Ideally, reconciliation would report the differences for evaluation, to see if better solutions can be offered in place of either simple definition change or runtime reversion to definition.

Thanks, this is a very useful criticism.

I think you are right that reconciliation gets dangerous if it means blindly forcing runtime back to the definition. In a live Ignition system, some runtime differences are noise, but some are the result of troubleshooting or hard-won operational fixes. In that sense, Joe and Jane (that Paul mentioned) are inside the system now: if they solve something live, the platform should detect it and force an explicit decision instead of silently deleting it.

What I am converging toward now, especially for brownfields, is governed diff resolution. The definition remains the primary truth for generated foundation, but not every runtime delta should be silently overwritten. The flow is closer to "plan -> review -> resolve -> apply". At that point, reproducibility is no longer just about the base CSV/model by itself. It becomes;

"same base model + same resolution manifest + same policy set -> same reconciled runtime".

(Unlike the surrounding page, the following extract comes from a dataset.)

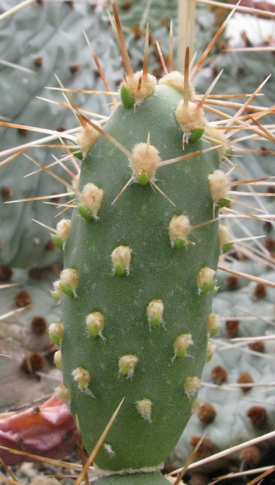 Pépinière Palmaris Opuntia berteri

The shape I am imagining now is something like this:

Governed State Reconciliation

1. A CSV/model arrives
2. The foundation reads the current runtime state
3. A diff is produced
4. The diff is classified into:
   • safe auto-apply
   • review required
   • dangerous/blocking
5. Only ambiguous conflicts are shown to the user
6. The user chooses one of a small set of typed outcomes:
   • revert to definition
   • promote runtime change back into the definition
   • keep as an explicit exception
   • defer
7. Those decisions are written into a resolution / override / exception manifest and journaled
8. Then the apply step runs
9. The final state is checksumed / verified again with governed state

So the system would classify diffs first, only surface the ambiguous cases, and limit the outcomes to a small set: revert to definition, promote to definition, keep as exception, or defer. Those decisions would be written into a resolution or exception manifest before apply. Otherwise determinism is lost.

Thanks, this discussion has been genuinely useful in sharpening the model for me. I think the more mature form of reconciliation in Ignition is not that definition wins no matter what, but a governed reconciliation process where the definition remains the primary truth, and approved exceptions are made explicit truth.

This does sound interesting. Curious to see how it works out.